(Recorded data begins)

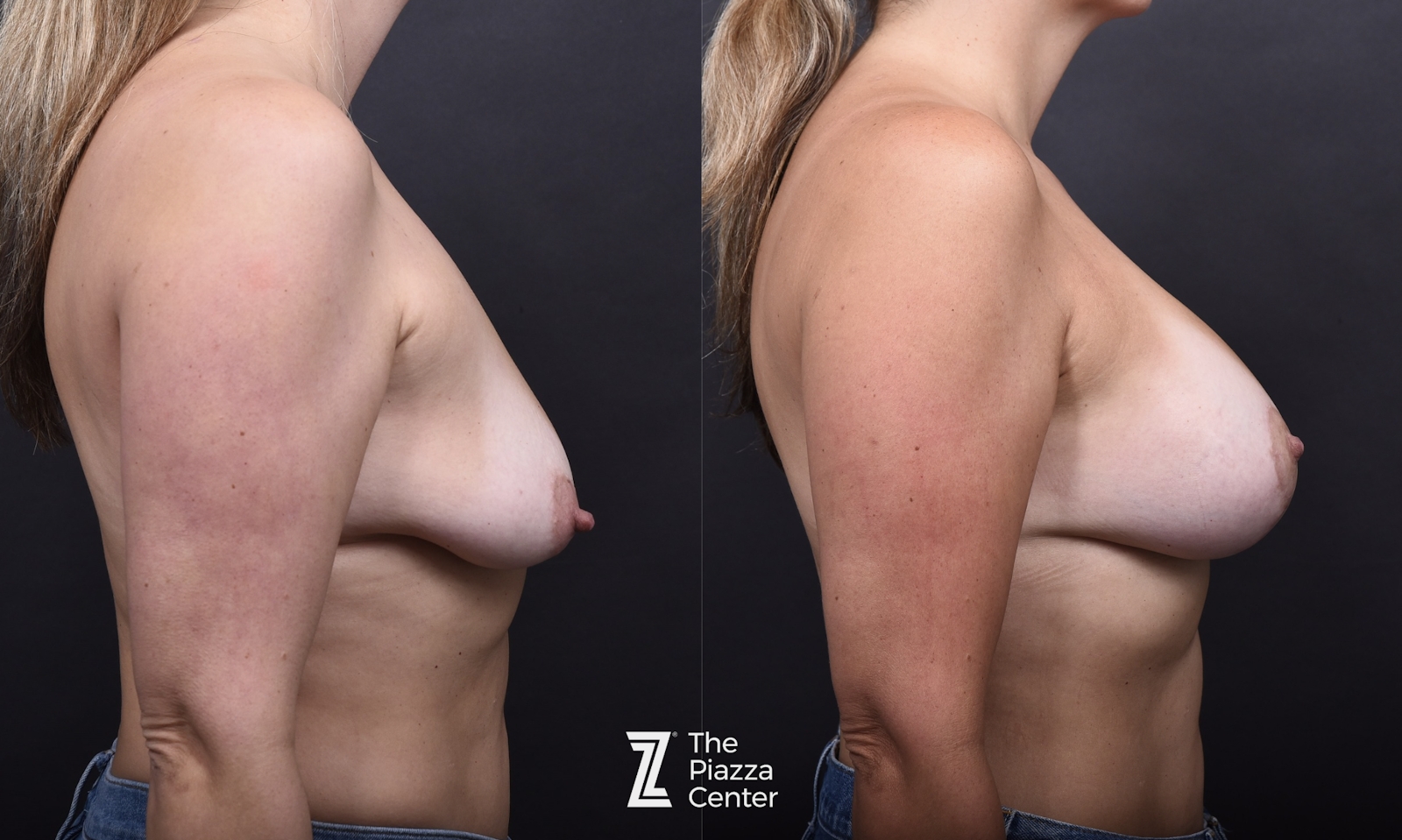 Austin Breast Augmentation With a Breast Lift Before & After Gallery - Patient 266420 - Image 3 - The Piazza Center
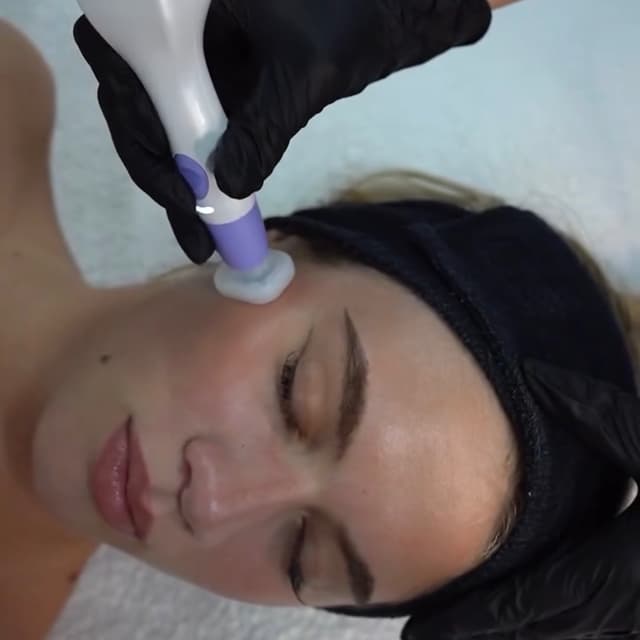 Jet Plasma for anti-aging at Hans Esthetics in Plainfield, IL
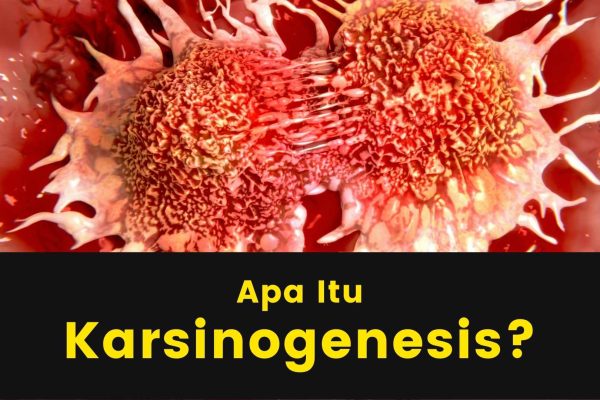 Apa-Itu-Karsinogenesis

(Recorded data ends)

What the exercise asks> Copy out nothing but text: transcribe the listing exactly and skip each picture.

Solution for this task>
 Austin Breast Augmentation With a Breast Lift Before & After Gallery - Patient 266420 - Image 3 - The Piazza Center
 Jet Plasma for anti-aging at Hans Esthetics in Plainfield, IL
 Apa-Itu-Karsinogenesis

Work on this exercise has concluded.